Training Time: Besides the performance on downstream tasks, we also benchmark the training time of OpenCLIP and FastCLIP-v1 to v3. We use PyTorch [36] Profiler to record the data. We break down per-iteration training time into 3 parts: computation, pure communication (not overlapped with computation), and others. The results are plotted in Figure 4 (a) and (b). We also break down communication into two parts: communication overlapped with computation and pure communication, which are plotted in Figure 4 (c) and (d).
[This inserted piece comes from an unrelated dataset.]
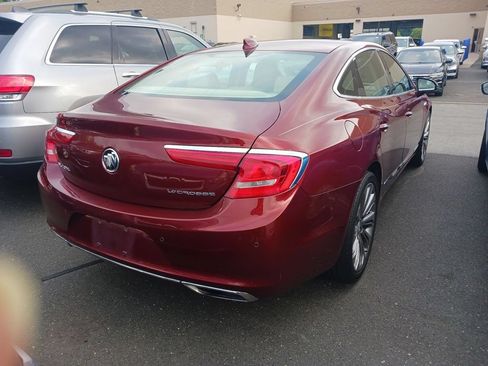 Used 2017 Buick LaCrosse Premium w/ Dynamic Driver Package FWD image 4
From subfigures (a) and (b) we can see that the running time of FastCLIP is similar to OpenCLIP when the number of nodes is small (1 and 2), and becomes shorter than OpenCLIP when the number of nodes scales up (4 and 8). This is because OpenCLIP has a longer communication time on 4 and 8 nodes (subfigures (c) and (d)), which demonstrates the effectiveness of our efficient gradient computation/communication strategy described in Section 4. For each algorithm, we also plot its speedup over 1 node in terms of training time in Figure 4 (a) and (b). All algorithms have similar speedup over 1 node and the gap between the ideal speedup (which is number of nodes) and the real speedup becomes larger when the number of nodes scales up. This indicates that training with more resources has a diminishing return.

Moreover, we benchmark the performance of FastCLIP-v3 and OpenCLIP in the xlarge-scale setting with 4 nodes. We plot the ImageNet-1k top 1 accuracy curve in Figure 4(c). OpenCLIP achieves a top1 accuracy of 53.36% on ImageNet-1k, while FastCLIP-v3 achieves an accuracy of 54.92%, resulting in a 1.56% gain. We also evaluate the average performance on Datacomp, which exhibits similar performance between FastCLIP-v3 and OpenCLIP shown in Appendix C.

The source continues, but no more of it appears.